**WORK TASK:** Each line from the start of the records through the line containing "10 Acres of" is to be transcribed exactly, and no other line is to be included.

*** GIVEN RECORDS

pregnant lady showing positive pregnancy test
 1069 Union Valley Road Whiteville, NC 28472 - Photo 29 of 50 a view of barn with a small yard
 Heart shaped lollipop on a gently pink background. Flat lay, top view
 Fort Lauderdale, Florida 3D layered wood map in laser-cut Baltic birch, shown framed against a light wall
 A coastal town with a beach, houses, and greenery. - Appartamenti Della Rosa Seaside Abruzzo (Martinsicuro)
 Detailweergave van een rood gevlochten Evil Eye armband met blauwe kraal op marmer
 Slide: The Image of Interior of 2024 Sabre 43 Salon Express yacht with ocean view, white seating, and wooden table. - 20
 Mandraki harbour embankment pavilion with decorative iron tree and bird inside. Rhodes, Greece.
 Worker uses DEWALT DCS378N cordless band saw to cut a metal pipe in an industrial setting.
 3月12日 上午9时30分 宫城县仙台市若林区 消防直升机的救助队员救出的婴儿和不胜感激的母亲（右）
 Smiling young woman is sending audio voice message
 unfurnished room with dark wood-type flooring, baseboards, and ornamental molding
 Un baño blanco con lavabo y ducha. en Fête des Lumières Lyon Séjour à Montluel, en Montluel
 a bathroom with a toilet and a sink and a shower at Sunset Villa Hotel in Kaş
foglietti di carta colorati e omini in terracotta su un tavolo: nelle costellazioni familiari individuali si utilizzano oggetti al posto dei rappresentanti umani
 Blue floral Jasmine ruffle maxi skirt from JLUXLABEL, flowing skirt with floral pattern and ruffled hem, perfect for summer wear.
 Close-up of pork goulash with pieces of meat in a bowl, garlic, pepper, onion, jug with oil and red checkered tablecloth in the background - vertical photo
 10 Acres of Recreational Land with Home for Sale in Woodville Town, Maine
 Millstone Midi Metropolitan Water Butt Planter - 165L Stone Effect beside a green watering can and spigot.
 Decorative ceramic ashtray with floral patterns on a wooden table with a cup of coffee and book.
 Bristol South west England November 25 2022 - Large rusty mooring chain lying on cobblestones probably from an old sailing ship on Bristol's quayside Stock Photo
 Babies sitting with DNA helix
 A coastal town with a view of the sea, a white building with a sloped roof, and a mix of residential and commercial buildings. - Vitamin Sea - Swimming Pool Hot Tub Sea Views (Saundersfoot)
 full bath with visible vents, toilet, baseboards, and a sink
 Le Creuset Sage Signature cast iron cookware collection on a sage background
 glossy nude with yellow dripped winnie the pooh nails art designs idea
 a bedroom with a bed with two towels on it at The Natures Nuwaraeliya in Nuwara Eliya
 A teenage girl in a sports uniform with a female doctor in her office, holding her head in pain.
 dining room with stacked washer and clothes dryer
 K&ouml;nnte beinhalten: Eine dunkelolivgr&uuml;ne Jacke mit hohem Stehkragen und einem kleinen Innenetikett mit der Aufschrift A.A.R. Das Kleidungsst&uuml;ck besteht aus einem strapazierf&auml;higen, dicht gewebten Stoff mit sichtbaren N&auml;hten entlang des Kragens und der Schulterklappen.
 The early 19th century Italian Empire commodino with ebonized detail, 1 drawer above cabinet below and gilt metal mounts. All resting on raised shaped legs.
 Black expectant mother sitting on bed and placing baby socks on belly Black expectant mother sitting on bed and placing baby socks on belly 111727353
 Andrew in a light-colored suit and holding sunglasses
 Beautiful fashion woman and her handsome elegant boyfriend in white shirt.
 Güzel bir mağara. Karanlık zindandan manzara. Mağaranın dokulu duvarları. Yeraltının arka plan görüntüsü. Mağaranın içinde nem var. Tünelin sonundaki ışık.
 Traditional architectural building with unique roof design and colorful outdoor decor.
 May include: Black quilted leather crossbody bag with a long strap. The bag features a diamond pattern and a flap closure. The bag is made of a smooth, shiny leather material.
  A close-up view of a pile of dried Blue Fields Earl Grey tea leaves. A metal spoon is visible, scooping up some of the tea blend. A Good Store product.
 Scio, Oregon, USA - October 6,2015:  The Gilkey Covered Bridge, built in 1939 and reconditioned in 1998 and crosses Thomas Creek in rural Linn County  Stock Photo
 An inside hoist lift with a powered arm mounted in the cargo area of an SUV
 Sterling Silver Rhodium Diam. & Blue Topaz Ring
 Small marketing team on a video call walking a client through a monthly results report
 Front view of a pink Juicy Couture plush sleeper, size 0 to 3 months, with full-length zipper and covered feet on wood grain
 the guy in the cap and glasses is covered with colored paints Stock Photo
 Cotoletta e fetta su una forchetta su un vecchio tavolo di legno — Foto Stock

******

**EXPECTED OUTPUT:**
pregnant lady showing positive pregnancy test
 1069 Union Valley Road Whiteville, NC 28472 - Photo 29 of 50 a view of barn with a small yard
 Heart shaped lollipop on a gently pink background. Flat lay, top view
 Fort Lauderdale, Florida 3D layered wood map in laser-cut Baltic birch, shown framed against a light wall
 A coastal town with a beach, houses, and greenery. - Appartamenti Della Rosa Seaside Abruzzo (Martinsicuro)
 Detailweergave van een rood gevlochten Evil Eye armband met blauwe kraal op marmer
 Slide: The Image of Interior of 2024 Sabre 43 Salon Express yacht with ocean view, white seating, and wooden table. - 20
 Mandraki harbour embankment pavilion with decorative iron tree and bird inside. Rhodes, Greece.
 Worker uses DEWALT DCS378N cordless band saw to cut a metal pipe in an industrial setting.
 3月12日 上午9时30分 宫城县仙台市若林区 消防直升机的救助队员救出的婴儿和不胜感激的母亲（右）
 Smiling young woman is sending audio voice message
 unfurnished room with dark wood-type flooring, baseboards, and ornamental molding
 Un baño blanco con lavabo y ducha. en Fête des Lumières Lyon Séjour à Montluel, en Montluel
 a bathroom with a toilet and a sink and a shower at Sunset Villa Hotel in Kaş
foglietti di carta colorati e omini in terracotta su un tavolo: nelle costellazioni familiari individuali si utilizzano oggetti al posto dei rappresentanti umani
 Blue floral Jasmine ruffle maxi skirt from JLUXLABEL, flowing skirt with floral pattern and ruffled hem, perfect for summer wear.
 Close-up of pork goulash with pieces of meat in a bowl, garlic, pepper, onion, jug with oil and red checkered tablecloth in the background - vertical photo
 10 Acres of Recreational Land with Home for Sale in Woodville Town, Maine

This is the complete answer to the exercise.